I put your original recipe in as well and only came up with a OG of 1.035? I am planning on getting the ingredients this week for a brew this weekend thanks for any clarifications.

Ken
 
Ken. Can't do the calc now but 11lb of grain is way more than 1.035. I'd check your calc again.

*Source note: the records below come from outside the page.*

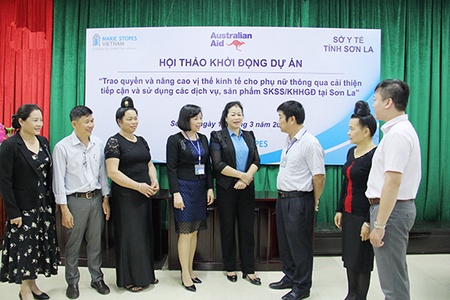 Hội thảo khởi động Dự án MS Ladies tại tỉnh Sơn La 2019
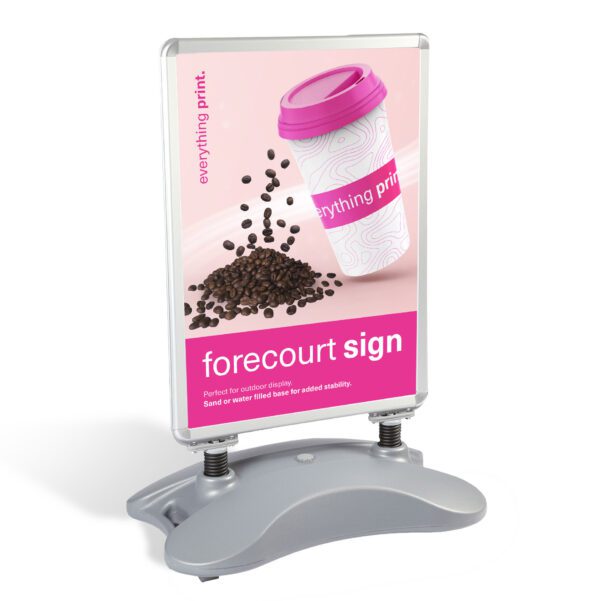 Forecourt sign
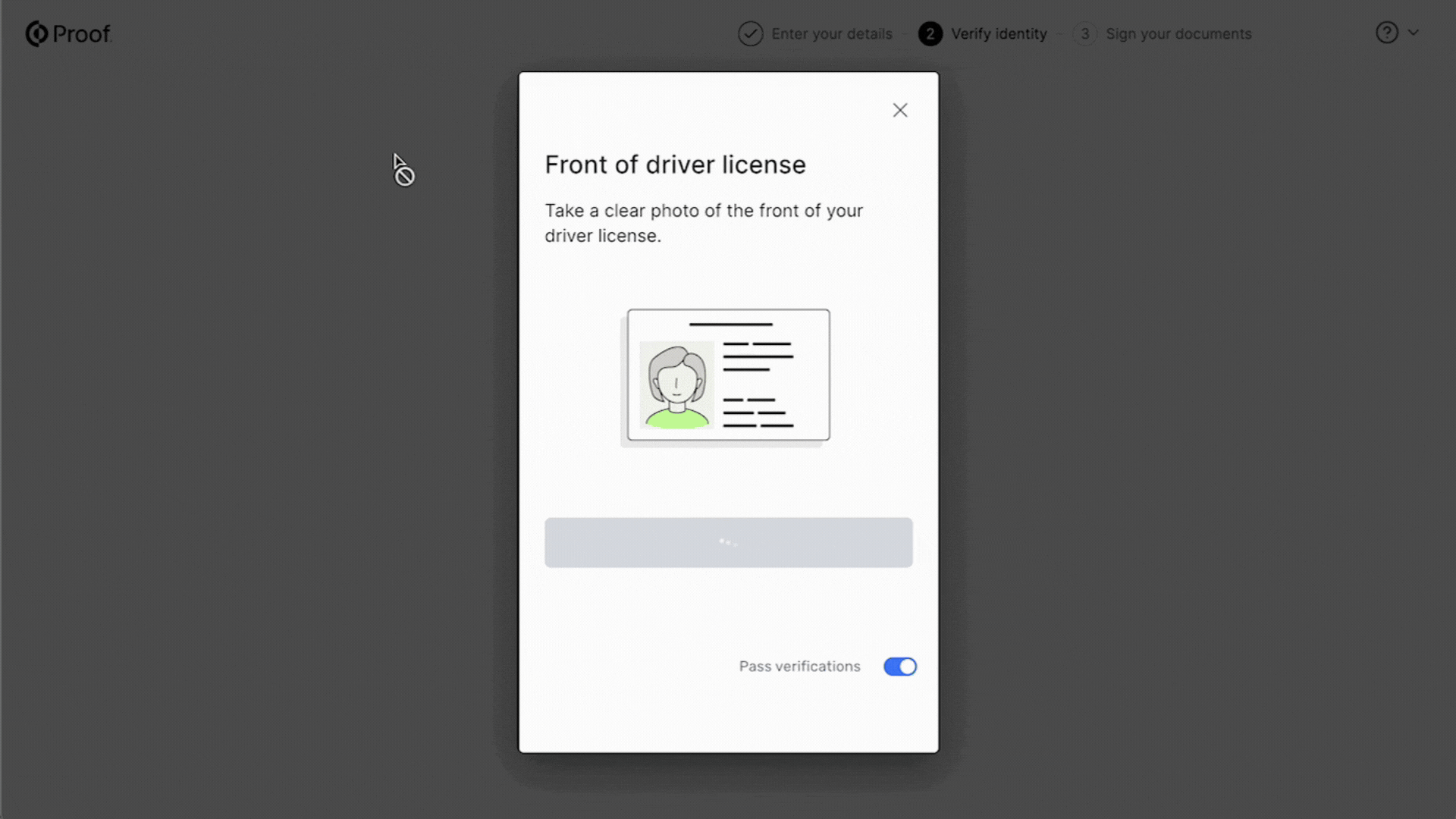 One identity per email illustration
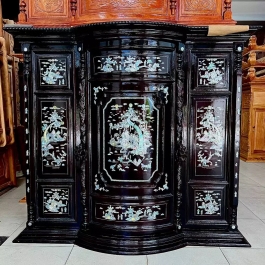 Tủ thờ gia tiên Gỗ căm xe cao 1m33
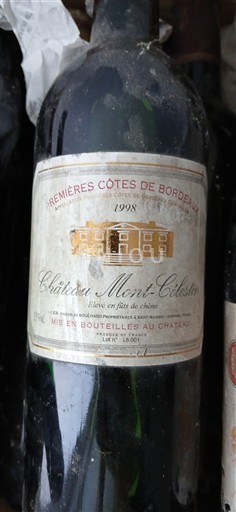 Bordeaux Premières-côtes-de-bordeaux Château Mont-Célestin 1998
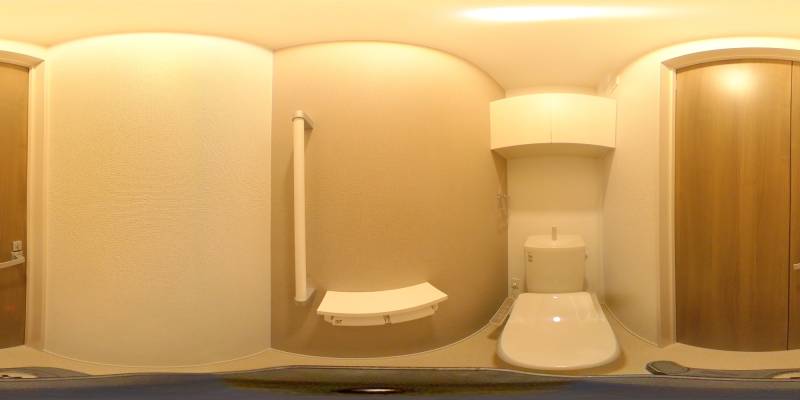 パノラマ画像トイレ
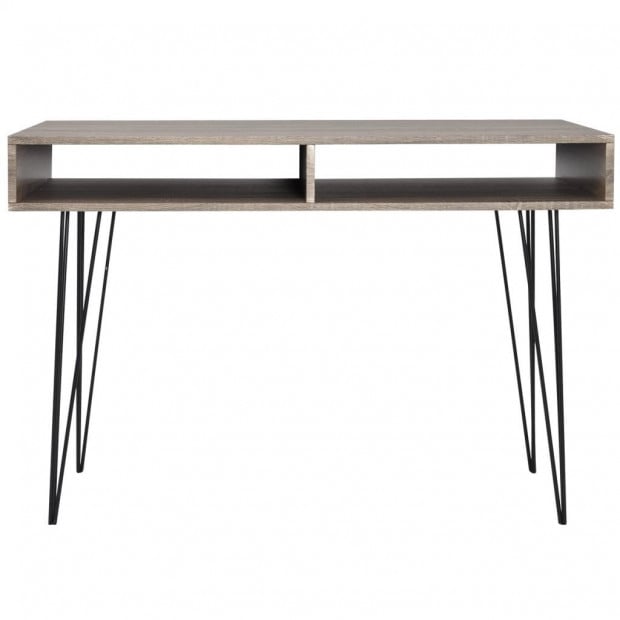 Desk With 2 Compartments Grey Image 2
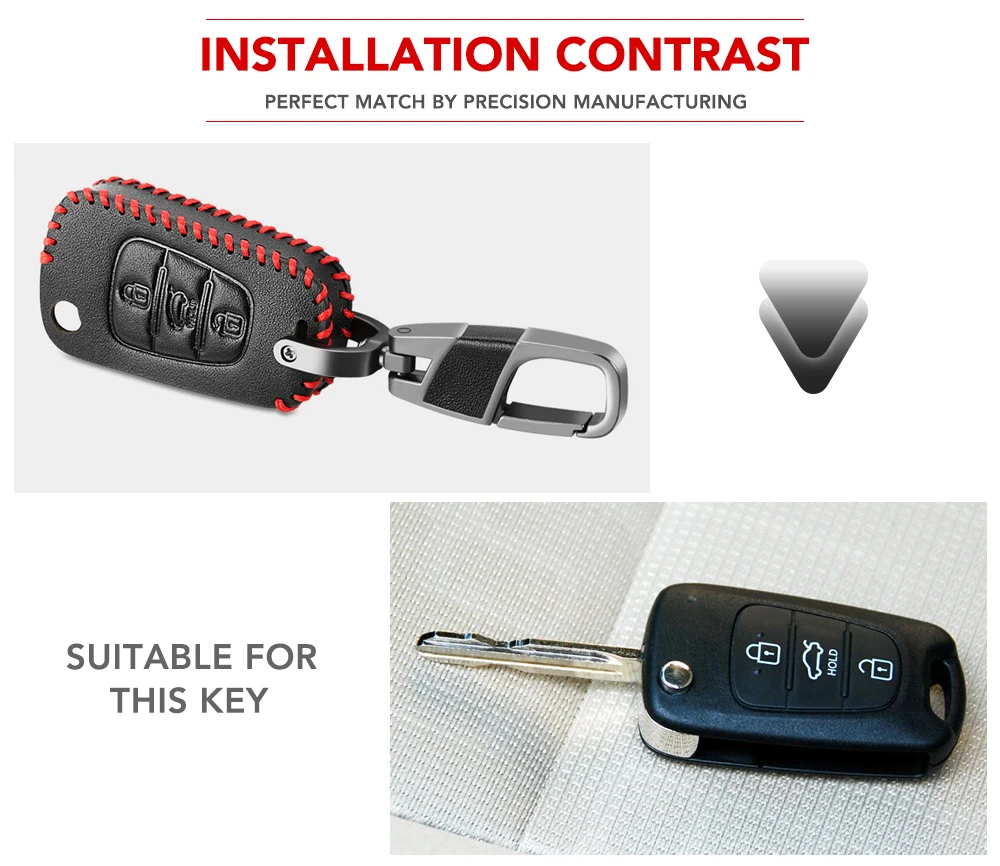 Кожаный чехол для автомобильных ключей Kia RIO K2 K5 Sportage Sorento Ceed Hyundai i20 i30 i35 iX20 iX35|car key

Thanks, rechecked and sure enough I must have entered oz instead of lbs for an ingredient. Thanks again!
 
Brewed this up today, I used WLP036 in place of the 1007 and gonna use the WLP320 instead of the 3333 will see how it comes out.
 
So its been about 2 weeks since I added the second yeast and I still have pretty good active ferm. I am getting about a bubble or two every 5-6 seconds. Seems like a lot for the duration so far. I am gonna look at the gravity mid week and see where I am at in terms of gravity. The temp I also noticed has been fluctuating between 64-68 so I will just let it go and see next week. It smells like an orange grove as well coming out of the airlock, so good!!!
 
Opened one last night. Good stuff thanks slim for the great beer!!
 
Ive been so busy I haven't had a chance to keg this yet, so its still in the fermenter......hoping the extra time makes it an awesome beer!
 
2 questions
First what can I do to modify to make it a partial mash, I am not setup yet for all grain but dont want to do all extract?

Hi,
I just tried plugging some numbers into brewers friend and came up with this PM recipe. The original recipe stated that the base volume of this beer was 5 gallons so I made this for a 5 gallon batch...to be topped off with the orangeade. If anyone has any suggestions please let me know.

HOME BREW RECIPE:
Title: Blood Orange Hefe

Brew Method: Partial Mash
Style Name: Weizen/Weissbier
Boil Time: 60 min
Batch Size: 5 gallons (fermentor volume)
Boil Size: 3 gallons
Boil Gravity: 1.101
Efficiency: 75% (brew house)

STATS:
Original Gravity: 1.060
Final Gravity: 1.018
ABV (standard): 5.54%
IBU (tinseth): 12.61
SRM (morey): 5.6

FERMENTABLES:
3 lb - American - White Wheat (34.2%)
0.5 lb - American - Vienna (5.7%)
0.175 lb - German - Acidulated Malt (2%)
4.25 lb - Liquid Malt Extract - Extra Light (48.4%)
0.85 lb - Light Brown Sugar (9.7%)

HOPS:
0.25 oz - Cascade, Type: Pellet, AA: 7, Use: Boil for 60 min
0.25 oz - Sorachi Ace, Type: Pellet, AA: 11.1, Use: Boil for 20 min
0.25 oz - Cascade, Type: Pellet, AA: 7, Use: Boil for 20 min
0.25 oz - Sorachi Ace, Type: Pellet, AA: 11.1, Use: Boil for 7 min

MASH GUIDELINES:
1) Temp: 158 F, Time: 45 min, Amount: 4.375 qt

OTHER INGREDIENTS:
0.5 oz - Orange Zest, Time: 5 min, Type: Other, Use: Boil

YEAST:
Wyeast - German Ale 1007
Starter: Yes
Form: Liquid
Attenuation (avg): 75%
Flocculation: Low
Optimum Temp: 55 - 68 F
Fermentation Temp: 62-66 F
Pitch Rate: 1.0 (M cells / ml / deg P)

Water Notes:
-Distilled or RO water
-Use just over 1/4 tsp of calcium chloride in mash, then add another 3/4 teaspoon at beginning of boil.

NOTES:
***3rd DAY ADDITIONS***
Blood Orangeade:
1 x 1.75 liter of Simply Lemonade mixed with 8 to 9 ounces of Torani Blood Orange Extract, sample to see if you like the flavor before adding....add after 3 to 4 days of vigorous fermentation has ended, also dont forget to add Wyeast 3333 at this time, blow off tube recommended.
-No Secondary, Just ferment completely and bottle.